What the exercise asks |
Your response should contain exactly the lines running from the one with "Asus cons nb" to the end of the data below, both included, and no pictures.

Captioned web image data:
────────────────────────────────────────

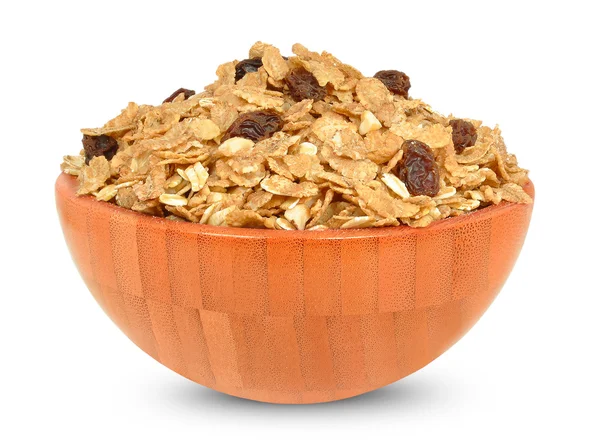 Getreidemüsli — Stockfoto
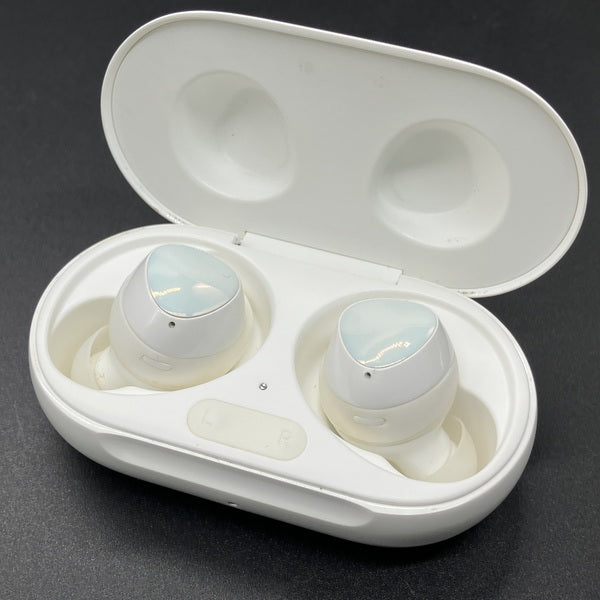 Galaxy 【中古】Galaxy Buds+ ホワイト 【SM-R175NZWAXJP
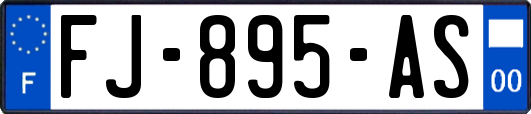 FJ-895-AS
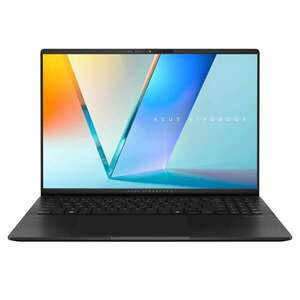 Asus cons nb vivobook s16 m5606wa-mx034ws 16, 0" 3.2k oled gl, ryzen 9, 32gb, 1tb m.2, int, win11h, fekete M5606WA-MX034WS kép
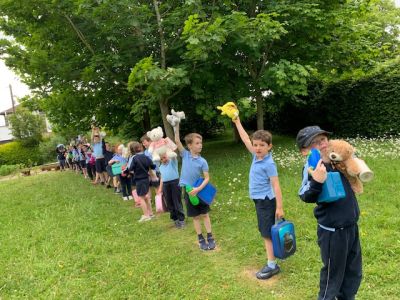 Outdoor Classroom 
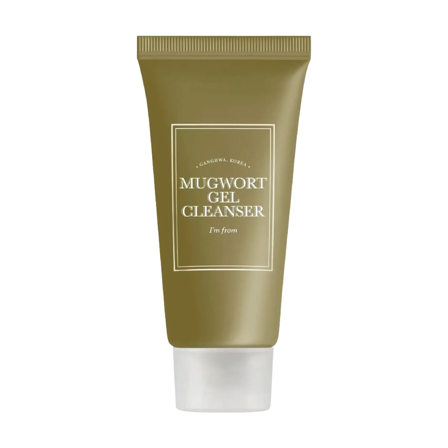 I'm From Mugwort Gel Cleanser, 30 ml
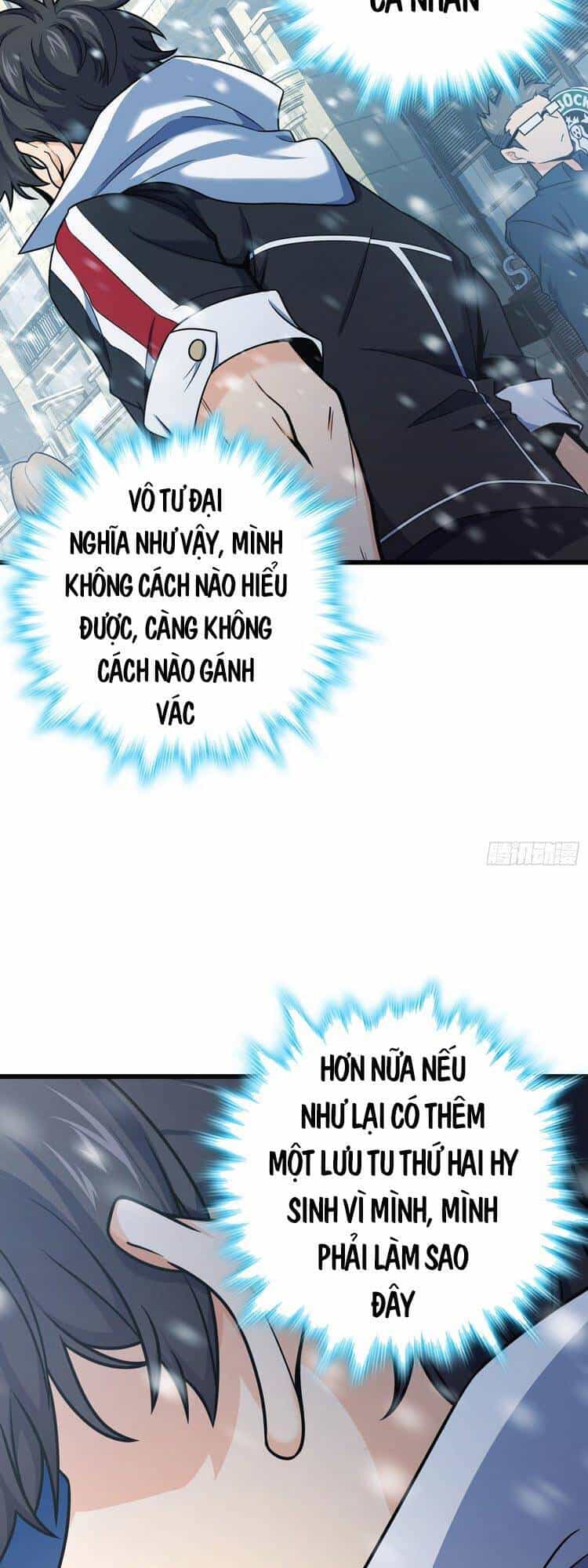 Đại Vương Tha Mạng - Chương 252 - ảnh 16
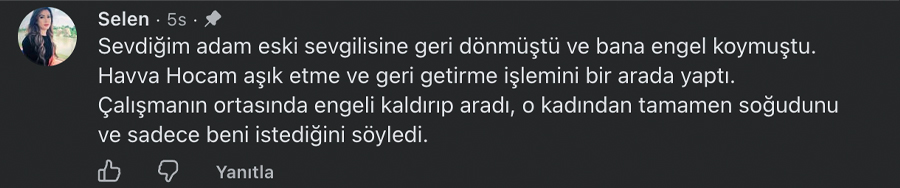 yorum
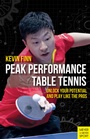 Cover: Peak Performance Table Tennis - Meyer & Meyer Sport (UK) Ltd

────────────────────────────────────────

Exercise output |
 Asus cons nb vivobook s16 m5606wa-mx034ws 16, 0" 3.2k oled gl, ryzen 9, 32gb, 1tb m.2, int, win11h, fekete M5606WA-MX034WS kép
 Outdoor Classroom 
 I'm From Mugwort Gel Cleanser, 30 ml
 Đại Vương Tha Mạng - Chương 252 - ảnh 16
 yorum
 Cover: Peak Performance Table Tennis - Meyer & Meyer Sport (UK) Ltd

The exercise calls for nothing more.